One thing I’ve learned from experience when it comes to hearing criticism of my writing: if I’m having to “explain” my logic to the reader, they’re not the problem. I am. Failure to fulfill basic expectations of clarity and entertainment is my job, not theirs. I can even fail on the second part, which is sometimes inevitable, since what entertains is often subjective. But I have no excuse for not being clear, and adhering to a very basic level of professionalism, if I’m sharing my work in the public sphere. Since you are sharing it, you can expect criticism. How you react to it will dictate whether you learn anything from the experience.
 

Lesson one is to try not to be defensive about what people say. If your immediate urge is to make excuses (I.e. “explain” your mistakes, rather than admitting you may have made them), you’ll learn absolutely nothing, because you’ve justified what you’ve done [to yourself], and therefore see no flaws or avenues for growth. I know this, because I’ve done it before, and gotten nowhere. When you get feedback, consider it. Whether you initially agree with it or not. This is a skill that goes far outside of just trying to write a silly superhero story. Sometimes, people are just trying to help us. It’s our job to know when this is happening, and to know how to use it.

 

On that:

(1) Interact text: You should put verbiage in every search bar because it’s an expectation derived from the actual game missions, which you are trying to emulate. Players expect it, so they notice it when it’s missing. They shouldn’t be thinking about why it’s not there. You’ll have to show me, by the way, the “some people” who don’t care for interact text. I’m betting it’s not many, and that none of them script.

 

(2j Basic grammar, spelling, punctuation: You want this to be tight as possible, so that you aren’t perceived as lazy (or worse, illiterate/stupid). Chalking off a failure to edit because you don’t get paid to write is a cop out that only harms your efforts. If a player is noticing the errors in my writing more than the story details, it’s a hindrance, plain and simple. Is it time consuming to, you know, edit the thing? Hell yes, it is. Its a pain in the ass, and the worst part of writing. It’s also the difference between doing a half-assed versus a stellar job. You can have the best idea in the world. Execute it with lazy writing, riddled with noticeable errors? You’ll hear about it, maybe even as the first thing. This isn’t just in AE scripting. It applies to all written communication, outside informal texting (well…for some of us…I personally maintain a modicum of proper execution. Habit, I guess).

 

(3) Annoying your players: if you get a comment concerning something a player didn’t like, you might chalk it off as a single instance, depending on who it is, and the nature of the complaint. If you hear the same thing from multiple sources, however, take it to heart. I’ve had critiques from single sources that I initially didn’t agree with, but later realized they were right (using timers, for example). As for latter, multiple instances, here’s one case in point: both Kyks and myself pointed out your blank interact bars, in two different arcs.
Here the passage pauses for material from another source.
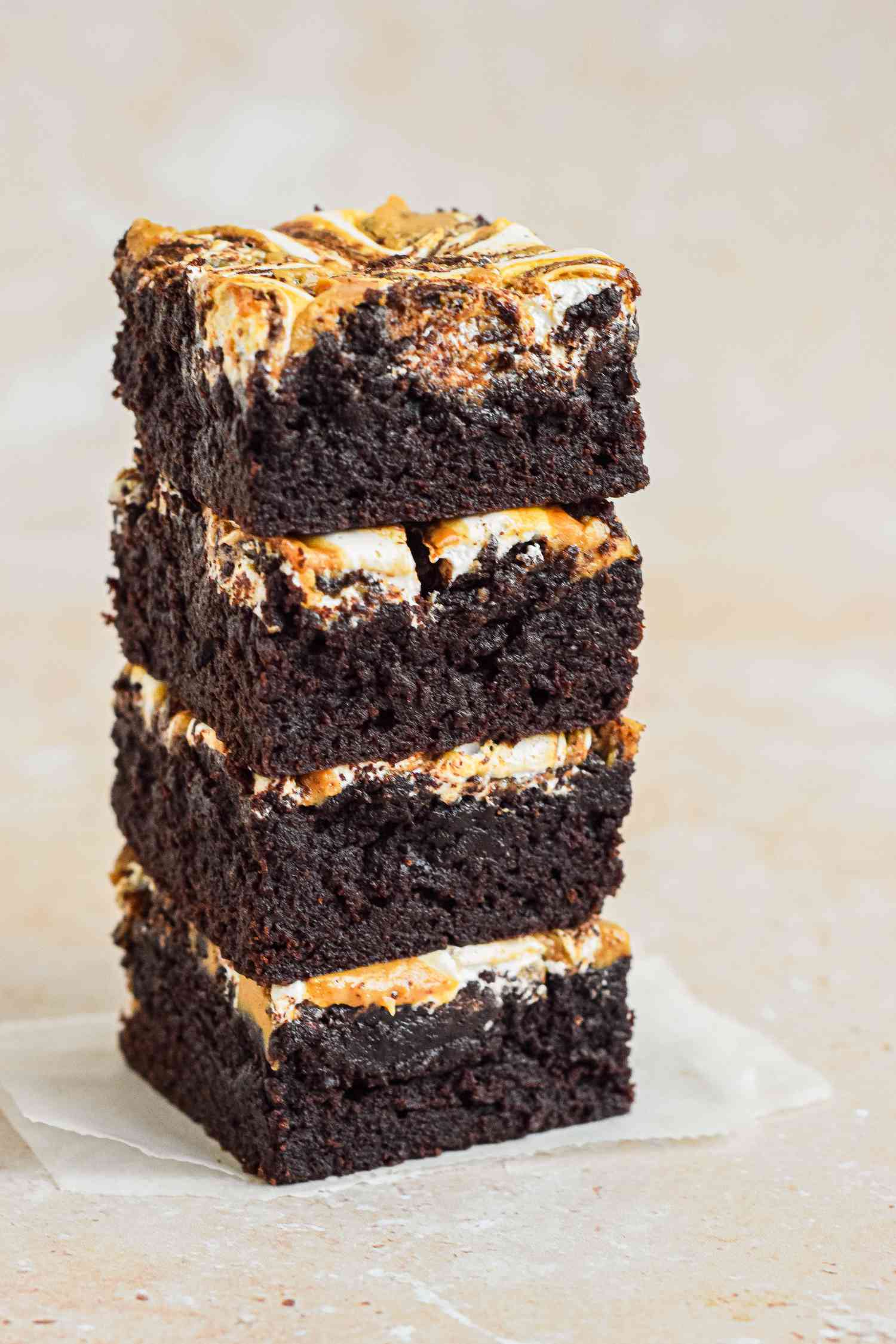 Stack of fluffernutter brownies on a small piece of parchment paper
It’s pervasive. We noticed. Your explanation for leaving them blank feels like an excuse to not go back and fix them. It’s lazy. I’d also suggest taking Kyksie’s advice about the running bosses being almost impossible to defeat, and change that, as well. Regardless of your intent, you’re actively diminishing a player’s enjoyment. Multiple times. He may have a point about that (especially when I think about how many “boss running away” missions there are in the actual game, and how I can’t recall really liking any of them). You just don’t want arbitrary player frustration, if you can help it. They’re your audience. You owe them a good time.
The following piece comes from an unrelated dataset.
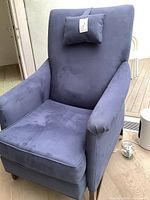 Front three-quarter view of the blue ultrasuede chair with lumbar pillow on seat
Be honored, by the way, that Kyksie reviewed your stuff. It’s been a good while, and you were chosen to break the silence. You even got a compliment. Kyks won’t give you that unless you actually earn it. 
 

Other than that, I strongly suggest doing some clean up of easily fixable errors. Yeah, you’re not getting paid for your work (and frankly, intimating that we should only care about quality when one gets paid for it doesn’t reflect well—it sounds like an excuse I’d hear from one of the many HS students I’ve taught over the decades). But that’s immaterial. Because you do get “paid” by eliciting a basic level of respect from your audience by giving them a good effort. As with any paycheck, if you don’t put the time in, you won’t get jack.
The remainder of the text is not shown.